Essa última ameaça cumpriu sua função, uma vez que Ash apenas encarou sua irmã mais velha, mudo de surpresa. Duas manchas vermelhas apareceram nas bochechas do garoto, um sinal do mau gênio que os dois irmãos compartilhavam.

— Você não faria isso. — Ele sibilou em resposta. — Não se atreveria!

— Me dê um motivo. — A morena rebateu impacientemente. — Sou uma mulher de palavra, pirralho. Quando foi que fiz uma ameaça que eu não podia cumprir?

Ash estremeceu involuntariamente, soltando um pequeno arquejo de ultraje. Sabia que Calista tinha razão.

Ela apenas continuou a encará-lo de braços cruzados, seus olhos verdes tão brilhantes que pareciam prestes a fulminá-lo com raios a qualquer instante.

— Está bem, você venceu. — O rapaz mais novo cedeu enfim, derrotado. — Vamos manter segredo. Prometo.

— Ótimo! — Calista relaxou, sorrindo e bagunçando o cabelo de seu irmão mais novo. — Ei, Ash, por acaso você viu a Mira?

— Lá em cima, no seu quarto.

Calista subiu para dar uma olhada na sua pokemon e a encontrou enrodilhada sobre sua cama, dormindo a sono solto. Umbreon estava ao lado dela, envolto nas fitas azuis da pokemon tipo Fada e também dormindo pesadamente.

Bem devagar, a irmã de Ash desceu novamente e chamou Gary para ver a cena. O jovem pesquisador pokemon riu ante a visão do novo casal.

— Eu não disse? — O rapaz provocou, abraçando Calista por trás, seus braços se enrolando ao redor daquela cintura fina. — Perdeu a aposta, Caly.

— Quando foi que apostamos? — Calista rebateu beligerantemente, sem se virar para olhá-lo, porém se apoiando contra o peito de seu namorado. — Eu não me lembro de aposta nenhuma.

— Que conveniente. — Gary zombou, puxando-a para mais perto. — Agora você vai fingir que esqueceu para poder se dar bem. Isso é trapaça.

— Certo. — O suspiro dramático da irmã de Ash se misturou a uma risada enquanto ela virava para olhar seu namorado nos olhos. — Você me pegou. O que vale?

O neto do professor Carvalho fingiu pensar por um momento e então sorriu maliciosamente, com a expressão mais deslavada do mundo.

— Um beijo. — Ele respondeu simplesmente, sem sequer hesitar.

A surpresa foi tanta que Calista inconscientemente recuou um passo, arquejando audivelmente.
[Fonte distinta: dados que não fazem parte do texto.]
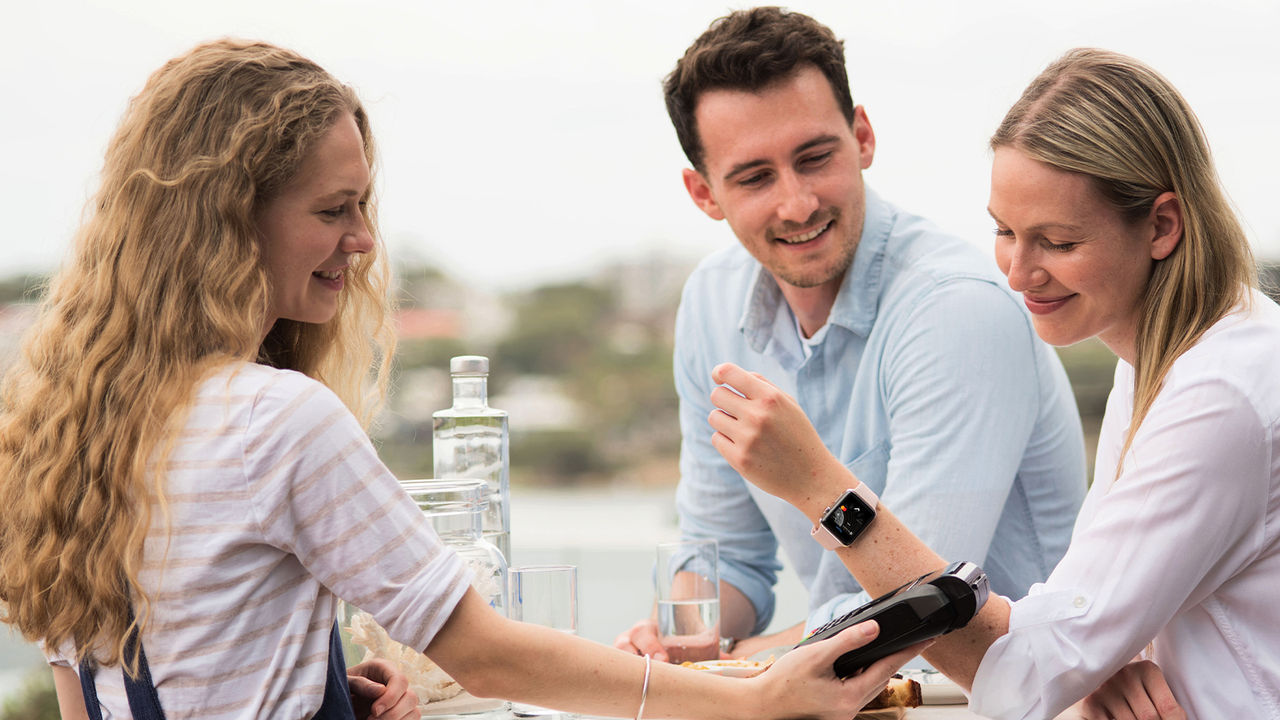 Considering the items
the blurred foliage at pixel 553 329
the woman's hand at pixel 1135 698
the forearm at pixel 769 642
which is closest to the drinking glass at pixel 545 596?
the forearm at pixel 769 642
Gary, cujo braço esquerdo ainda envolvia a cintura da jovem, sentiu sua mão deslizar, descansando contra a base da coluna da morena.

— Aqui?! — A irmã de Ash exclamou em um sussurro sibilado. — Ficou maluco, garoto?

— Vamos, Caly-Nite, você sabe muito bem que gostou da ideia.

— Ash tem razão, sabia? — Ela rebateu, se divertindo com a confiança arrogante do rapaz. — Você é um tremendo babaca.

— Mas você gosta de mim mesmo assim.

Calista riu, seu sorriso adquirindo um quê de malícia enquanto a mão de Gary firmava a pegada em suas costas, puxando-a para perto e prendendo-a. Ela espalmou ambas as mãos no peito do rapaz, bem devagar, apenas para provocá-lo.

Foi ele quem tomou a iniciativa, firmando sua nuca com a mão livre, enrolando os dedos entre seus cachos negros e se inclinando para beijá-la.

Calista, rápida, virou o rosto, e seus lábios meramente roçaram a bochecha do rapaz, enquanto o beijo dele se perdia entre seus cabelos. Ela se inclinou, usando as mãos para se apoiar enquanto sussurrava no ouvido de seu namorado:

— Achou mesmo que seria assim tão fácil?

Gary ouviu a risada sussurrada da jovem enquanto ela se afastava, um som macio e sensual que lhe causou arrepios. Ao erguer os olhos, recebeu um sorriso brincalhão.

— Que?! — Ele exclamou enfim. — Não é justo, Caly. Isso foi muita maldade!

— Você disse um beijo, não que tipo de beijo. A culpa é toda sua. Da próxima vez ... Não peça. Aja.

O sorriso sumira. Ela agora o encarava com seriedade, embora aqueles olhos verdes brilhassem com pura malícia. Calista o estava provocando, desafiando Gary a levar a cabo o que ela acabara de dizer e roubar-lhe um beijo ali mesmo, naquele instante.

Ele teria mesmo aproveitado a oportunidade, se Dehlia não os tivesse chamado naquele exato momento. Por sorte, ela apenas queria saber se Gary gostaria de ficar para tomar café.

— Não, obrigada. — Ele respondeu em voz alta, já descendo as escadas. Calista o acompanhava de perto, apenas alguns passos atrás. — É melhor eu ir, o vovô está esperando. Tchau, senhora Ketchum. Tchau, Caly.

— Não precisa ser formal, Gary. Pode me chamar de tia Dehlia, como sempre fez. — A matriarca dos Ketchum rebateu. — E até mais. Mande um olá ao Sam por mim.

— Pode deixar. — O rapaz respondeu. — Vou chamar o Umbreon.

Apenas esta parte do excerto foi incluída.